Some conservative parents might be inclined to approve of such a project, in spite of the fact that it seems to put a stamp of public approval on the dubious idea that sexual perverts deserve special recognition and special funding. After all, the end result of the project will be that fewer straight students will be regularly confronted by confused kids who don't think that God knew what he was doing when he gave them the genitalia with which they were endowed at birth.
If indeed such a school is approved by the Chicago School Board, then it seems to me that Chicago ought to also have a publicly funded school specifically for born-again Christians who refuse to be intimidated into accepting politically correct (but biblically incorrect) notions of right and wrong. After all, if indeed the purpose of such special schools is to create safe havens for minority groups so that they can be free to live in accordance with their own personal beliefs, then why limit the principle to LBGT students?
Based on personal experiences I had during high school, I can attest to the fact that Christian students are sometimes subjected to harassment from their fellow students.

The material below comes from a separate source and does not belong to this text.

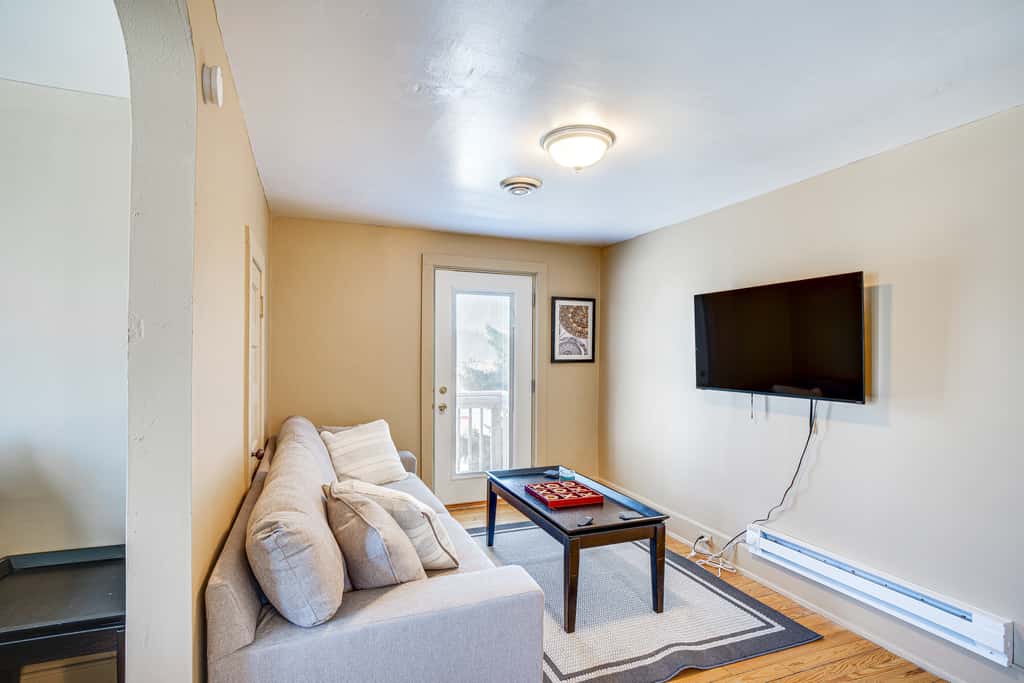 2 Mi to Dtwn: Studio Suite in Sheboygan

I particularly remember one skinny little guy who spat on me (on one particularly memorable occasion), and who told me, on a frequent basis, to eat feces and kiss his derriere, for no apparent reason other than the fact that he disliked outspoken Christians such as myself.

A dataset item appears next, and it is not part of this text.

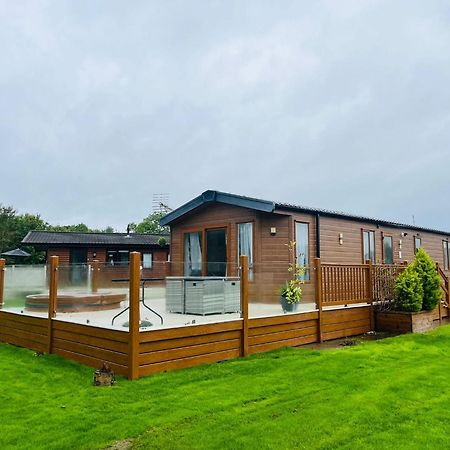 Meadows Lodge With Hot Tub Malton Extérieur photo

Now, some people might argue that such conflicts are unfortunately just part of life, and that part of the process of growing up is learning how to deal with such conflicts in a mature fashion. They might argue that there are myriad reasons why people are ostracized and ridiculed when attending public schools, and they might argue that once we start creating schools for the specific reason of heading off every potential conflict between students who are different from one another, we open a Pandora's box which should have remained closed.

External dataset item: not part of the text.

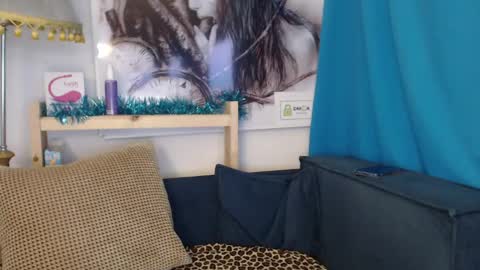 Elizabeth online show from 02-24-25, 01:24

I think that such people have a very good point. I wasn't happy about being ridiculed for my Christian beliefs when I was in high school, but it made me a stronger person to have to learn to endure such treatment, and to have to learn how to respond to such treatment in a mature way. If I can deal with (and survive) such treatment, then so can kids who are ridiculed for reasons pertaining to their sexuality. Like it or not, they will discover as they travel through life that there are people (including myself) who disapprove of their lifestyles and their attitudes about sex. Sheltering such kids during their high school years only postpones the inevitable.